Support will expand successful youth corps program, restore native habitat Midewin National Tallgrass Prairie

The National Forest Foundation (NFF) is pleased to announce a three-year $300,000 grant from the Exelon Foundation to support a youth crew and restoration efforts at Midewin National Tallgrass Prairie in Joliet, IL.

The Exelon Foundation’s support will allow the NFF to expand its successful Youth Corps partnership with the North Lawndale College Preparatory High School in Chicago. The grant extends the youth corps program for three years, ensuring that the NFF can field two full-time youth crews for six weeks of job training and skills development at Midewin through 2017. For the past two summers, the NFF Youth Corps program at Midewin has brought eight students, two student mentors, and a faculty leader from the high school to Midewin for six weeks of hands-on restoration activities, job training, and mentorship.

“The National Forest Foundation’s program creates new opportunities for these young adults and help protect a fragile prairie ecosystem in a community we serve,” said Steve Solomon, president of the Exelon Foundation. “We are proud to support this effort as part of our commitment to environmental conservation and education. Midewin presents a rare opportunity for Chicago area residents to visit a tall grass prairie, and we are excited to be involved in its restoration.”

“As part of the National Forest Foundation’s Treasured Landscapes campaign, we have made it a priority to connect urban residents and youth to our spectacular National Forest System,” said NFF’s president, Bill Possiel. “Thanks to the Exelon Foundation, we can greatly expand this successful program and give high school students from the Chicago area the chance to help transform Midewin, while they gain a better appreciation for our forests and grasslands.”

Additional funds from the Exelon Foundation’s gift will be invested in direct on-the-ground restoration activities at Midewin, including restoring native tallgrass prairie plants, removing bunkers that once stored ammunition, and restoring the hydrology of the Prairie to its pre-settlement condition. Midewin is one of the NFF’s Treasured Landscapes conservation campaign sites. This national conservation campaign is addressing large-scale restoration and community engagement at 14 National Forest sites across the country.

Today’s Midewin National Tallgrass Prairie was yesterday’s Joliet Arsenal, a Department of Defense (DoD) site that manufactured munitions for decades beginning in World War II. In the 1990s the DoD transferred ownership of the land to the U.S Forest Service, which has managed it since that time. The NFF included Midewin in its Treasured Landscapes campaign in 2012.

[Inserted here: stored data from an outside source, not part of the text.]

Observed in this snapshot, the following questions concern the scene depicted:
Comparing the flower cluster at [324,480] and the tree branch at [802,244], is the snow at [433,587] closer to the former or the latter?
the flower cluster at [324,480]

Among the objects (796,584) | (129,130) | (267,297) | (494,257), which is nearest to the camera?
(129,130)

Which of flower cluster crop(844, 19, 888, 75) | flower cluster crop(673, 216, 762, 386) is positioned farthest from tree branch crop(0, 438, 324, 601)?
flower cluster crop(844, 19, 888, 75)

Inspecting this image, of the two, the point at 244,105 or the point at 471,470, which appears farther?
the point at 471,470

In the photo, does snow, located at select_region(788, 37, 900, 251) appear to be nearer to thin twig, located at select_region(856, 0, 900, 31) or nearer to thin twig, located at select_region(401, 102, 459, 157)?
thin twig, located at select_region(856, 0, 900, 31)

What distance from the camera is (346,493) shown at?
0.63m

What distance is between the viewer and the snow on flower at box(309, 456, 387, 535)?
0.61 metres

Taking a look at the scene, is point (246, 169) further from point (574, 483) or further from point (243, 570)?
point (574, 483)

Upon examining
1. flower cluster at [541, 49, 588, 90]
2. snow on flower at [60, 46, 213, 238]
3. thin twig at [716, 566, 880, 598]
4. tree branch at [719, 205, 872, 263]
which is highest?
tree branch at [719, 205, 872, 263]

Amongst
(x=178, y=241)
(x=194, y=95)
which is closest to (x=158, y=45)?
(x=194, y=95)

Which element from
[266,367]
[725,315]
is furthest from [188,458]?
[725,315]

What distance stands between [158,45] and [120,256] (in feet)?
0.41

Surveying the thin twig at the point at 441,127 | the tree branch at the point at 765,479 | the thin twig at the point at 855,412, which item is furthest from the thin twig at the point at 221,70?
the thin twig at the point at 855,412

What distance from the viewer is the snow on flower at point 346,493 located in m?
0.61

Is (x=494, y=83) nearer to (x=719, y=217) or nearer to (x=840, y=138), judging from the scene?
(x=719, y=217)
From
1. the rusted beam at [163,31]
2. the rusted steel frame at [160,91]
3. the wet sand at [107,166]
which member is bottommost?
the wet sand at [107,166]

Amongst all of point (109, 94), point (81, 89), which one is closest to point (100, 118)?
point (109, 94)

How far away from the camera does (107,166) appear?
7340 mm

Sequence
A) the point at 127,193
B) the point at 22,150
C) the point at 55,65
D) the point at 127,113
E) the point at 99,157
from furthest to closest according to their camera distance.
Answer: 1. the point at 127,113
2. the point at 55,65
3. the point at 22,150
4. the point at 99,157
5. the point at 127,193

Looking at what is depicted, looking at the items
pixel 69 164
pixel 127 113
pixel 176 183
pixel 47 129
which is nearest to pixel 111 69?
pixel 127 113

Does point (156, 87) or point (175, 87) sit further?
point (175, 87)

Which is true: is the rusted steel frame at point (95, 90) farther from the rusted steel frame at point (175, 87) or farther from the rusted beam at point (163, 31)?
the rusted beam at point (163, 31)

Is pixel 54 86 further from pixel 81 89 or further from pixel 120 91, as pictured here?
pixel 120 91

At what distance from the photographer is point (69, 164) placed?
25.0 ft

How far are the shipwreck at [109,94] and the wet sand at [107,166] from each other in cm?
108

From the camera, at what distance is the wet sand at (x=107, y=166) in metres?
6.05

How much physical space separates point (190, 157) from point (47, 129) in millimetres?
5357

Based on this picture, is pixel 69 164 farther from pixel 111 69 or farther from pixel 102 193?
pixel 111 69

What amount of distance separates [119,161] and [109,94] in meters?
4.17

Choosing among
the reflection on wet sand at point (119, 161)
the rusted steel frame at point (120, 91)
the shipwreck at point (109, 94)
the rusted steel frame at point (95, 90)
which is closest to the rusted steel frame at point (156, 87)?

The Youth Corps groups will begin working at Midewin this July. Crews will focus on planting native plants, improving recreational opportunities, and developing job and work skills that will help them long into the future.

“This experience has been great for me because I got to do hands-on activities with the environment and it opened my eyes to the beautiful wildlife,” said Joy Carpenter, a Youth Corps participant in 2012.